The point of the simple hypothetical in my scenario was to demonstrate that when you're calculating the correlation what you're getting out is combination of two components: the "true" correlation structure and a noise component. And that furthermore the noise component is significantly large when you have a 10,000+ feature space and 50 data points.

You made a claim about the relative importance of particular variables with regards to the correlation structure. Specifically that two variables are more correlated with other variables than other variables.

My point is that since you have no attempt to measure the error rate from the noise component that your claim about the relative importance of these variables cannot be trusted.

If we knew the "true" correlation structure then we could get some true ranking of the variables using whatever metric you did. However once we introduce the noise component it's going to significantly alter the sampled rankings of the variables.


A simple approach to measuring this error would be to use bootstrapping.
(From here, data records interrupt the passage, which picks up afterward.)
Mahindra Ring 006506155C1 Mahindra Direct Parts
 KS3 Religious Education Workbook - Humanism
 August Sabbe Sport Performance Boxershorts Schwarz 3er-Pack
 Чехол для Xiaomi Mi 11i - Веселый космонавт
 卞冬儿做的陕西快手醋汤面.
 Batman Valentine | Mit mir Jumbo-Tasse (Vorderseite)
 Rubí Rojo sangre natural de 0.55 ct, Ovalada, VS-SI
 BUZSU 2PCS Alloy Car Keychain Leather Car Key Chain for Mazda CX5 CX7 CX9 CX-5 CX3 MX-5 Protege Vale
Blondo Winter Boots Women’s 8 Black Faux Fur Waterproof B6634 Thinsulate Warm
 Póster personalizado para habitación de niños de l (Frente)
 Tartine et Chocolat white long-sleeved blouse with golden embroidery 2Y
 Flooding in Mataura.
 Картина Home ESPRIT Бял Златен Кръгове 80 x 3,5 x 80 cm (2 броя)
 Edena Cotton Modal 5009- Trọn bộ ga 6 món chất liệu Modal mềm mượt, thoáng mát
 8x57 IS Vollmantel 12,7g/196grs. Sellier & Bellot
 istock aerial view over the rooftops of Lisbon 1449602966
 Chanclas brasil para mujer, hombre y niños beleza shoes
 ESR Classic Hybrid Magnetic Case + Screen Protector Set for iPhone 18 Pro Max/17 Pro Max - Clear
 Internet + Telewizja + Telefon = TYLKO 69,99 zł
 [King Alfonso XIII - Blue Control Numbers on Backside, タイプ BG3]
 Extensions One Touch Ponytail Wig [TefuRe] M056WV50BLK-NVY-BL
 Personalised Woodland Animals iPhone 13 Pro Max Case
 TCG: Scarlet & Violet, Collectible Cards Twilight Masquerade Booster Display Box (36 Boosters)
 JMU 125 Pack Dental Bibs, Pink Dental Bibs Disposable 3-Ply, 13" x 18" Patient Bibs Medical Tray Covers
Do the following, say 1000 times. Randomly select say 25 out of the 50 states and use whatever correlation ranking metric that you did. (Still not sure what exactly this is, the average magnitude of a variable's cross-correlation).

Rank the variables for each iteration's sub-sample. Then measure the proportion of times that HIV/Jews comes out in the top two. If you have the dataset available I can do this for you with 4 lines of code in R.

Jim Bowery said...

DR, there were obviously-correlated variables like AIDS Prevalence (an obvious HIV positivity correlate) income disparity, immigration, etc. all coming up at the high end and over the years as I added variables, sometimes large groups of variables, the rank order was reasonably stable. These variables never left the 95th percentile.

But it would be interesting to get more information on the structure so if you're willing to do work I'll see if I can locate a backup.